Simplex Update #1: Extreme modularization with CMake and Git

Original Author: Francisco Tufró

This is the first update on my Simplex Engine Journey. The first topic I want to talk about is modularization.

Motivations

One of the most important aspects of my engine’s design is modularization. Engines are usually big in terms of classes, dependencies and systems; that’s why a modular approach made sense for me.

From my previous experience working on Moai SDK, a monolythic git repository that includes all the different systems (being modular or not), and third party libs becomes really huge, really soon.

That’s why I wanted to solve that problem for this engine.

There are two different problems to solve:

  1. How can I sort the code in a suitable way to work with modules?
  2. How to build the modules consistently and be able to include the necessary ones in the final build of a program that uses the engine?

This article will guide you through how I’ve solved this problem and give back to you some of the knowledge I got working on Moai SDK and other personal projects.

Git for Extreme modularization

While working on Moai SDK, I never felt really happy about the monolithic git repository.

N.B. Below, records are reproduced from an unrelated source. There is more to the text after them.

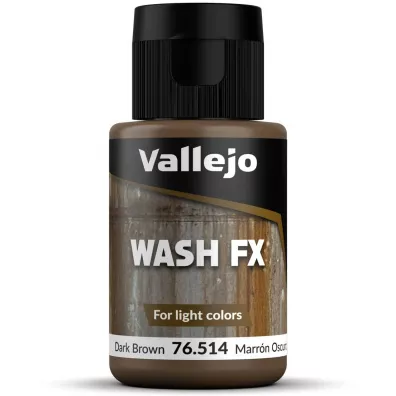 Vallejo: 76.514 - Wash FX - Dark Brown 35ml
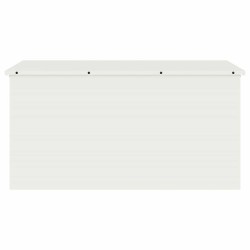 Boîte de Rangement Extérieure Blanc 100 x 50,5 x 50 cm Acier 549566549566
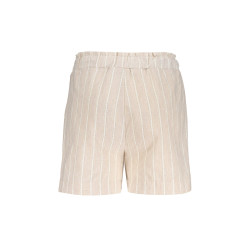 Geisha Shorts lurex stripe ecru/lurex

It was a huge git repo that took hours to download completely, for me that’s EXTREMELY anti-agile (Rule #5).

The solution that came to my mind was something I proposed to Zipline, but didn’t make it because of the $$$ factor that I don’t care about for my project: Having one git repository per module and one ring repository to rule them all (aka. central git repository using submodules).

The pros for having a single repository per module include:

  • Single history of git commits for each module. (This is pretty interesting, since you avoid having a lot of noise when searching the git log for something specific).
  • Easier to find files, since modules include between one and 10 source files in general.
  • Bundled third party libraries (if a library is ONLY used by this module, it can be bundled inside the repository, and added to it’s build script).

The cons are:

  • If you have a third party lib that it’s used by more than one module, you need to be careful with versions, having a common-third party module might be the way to solve this.
  • More complex directory structure, since instead of having all the code in a single place you have it split among many folders. (This shouldn’t be huge though, since modern IDE’s or text editors allow you to search inside a directory tree pretty easily).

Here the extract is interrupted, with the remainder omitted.